I feel comforted that you have been in a similar situation and you've been able to overcome it.
I have huge fears of many concepts of working and but mostly progressing backwards because I do get depressed/loose motivation/anxiety for what seems like no reason when I work, Its hugely frustrating.
I know we're not all the same and have many different roadmaps and we all work on our own timelines but how long did it take you to find stability to get the courage to work again?
Geoff, this is so so true and that thought process is concerning because nothing is a "quick fix" when it comes to life.
My partner thinks if we/he see's counsellor once we will be okay, which I was gritting my teeth because I know these things take time and effort!
I have to explain to him it isn't like a band aid you get out the draw and the blood stops leaking, underneath there's still a sore there.
You asked "but how long did it take you to find stability to get the courage to work again?"
Well I guess I was lucky, I was invalided out of my job and ended up at that stage with a stint in hospital. After which I sat at home. This was not good for me or for my wife. I simply started to find all the downsides of having nothing, no identity, no purpose, no idea I could do anything and poor memory and concentration. Useless in a word. I was nearly in hospital again.
Thanks to my wife pushing I was persuaded to try tertiary study, which for me ended up a sort of half way house. At the start I did it becuse it pleased my wife though I thought it a waste of time. However as I became used to it I started to regain purpose, identity and socialization.
Although wiht my memory and concentration it tool longer than the minimum number of years I passed, and was invited to do a little part tme work at the uni. Very little and very part time
It grew, with setbacks of course, more hospitalization, until I was able to do meaningful work, and be a reliable loving partner. I'm still on meds and therapy, but that has simply become part of my life -no big deal.
I suppose it is the idea that a partnership does not have to have both people doing the same thing, it can be each gives a different contribution. I've already mentioned some of the things you undoubtedly have to offer, perhaps for your partner patience and valuing what is important might be the biggest things.

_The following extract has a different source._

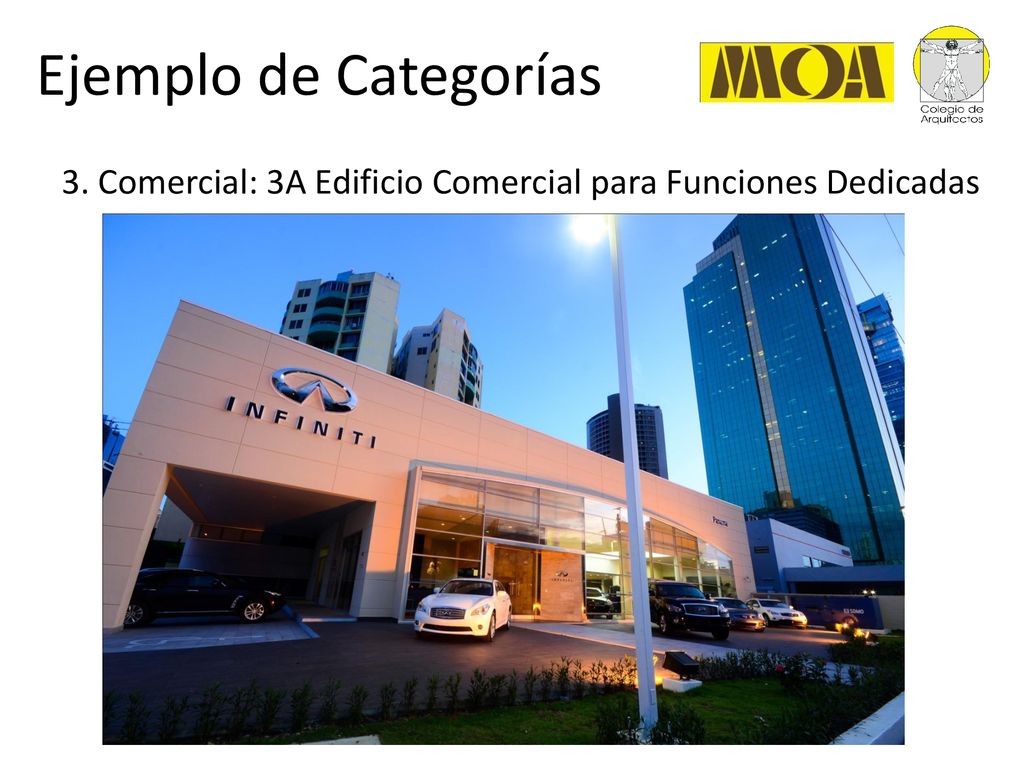 Ejemplo de Categorías 3. Comercial: 3A Edificio Comercial para Funciones Dedicadas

Geoff is right, lack of understanding can lead to annoyance and anger. I would think it as much education as counseling. My wife was completely at sea, even blamed herself, until she had the facts explained to her by my psychiatrist, including the idea of progressively reaching recovery points, not quick fixes.
I'm most grateful she stayed
Hello 90Unicorn and Croix, both of what you both have said is so true or we do have an alternative where our partner/spouse does come along to a session and talk about all the problems that are being caused by us, rather than how can I help them or how can this be avoided, so the session is concentrated on them and not us.
What this can do is make us close up or pretend to agree with something we haven't been able to discuss, because we're afraid, just to please our partner/spouse, that's why at times it's best for them to have their own counselling session so the psych can gain important information so as to help us and not be picked on.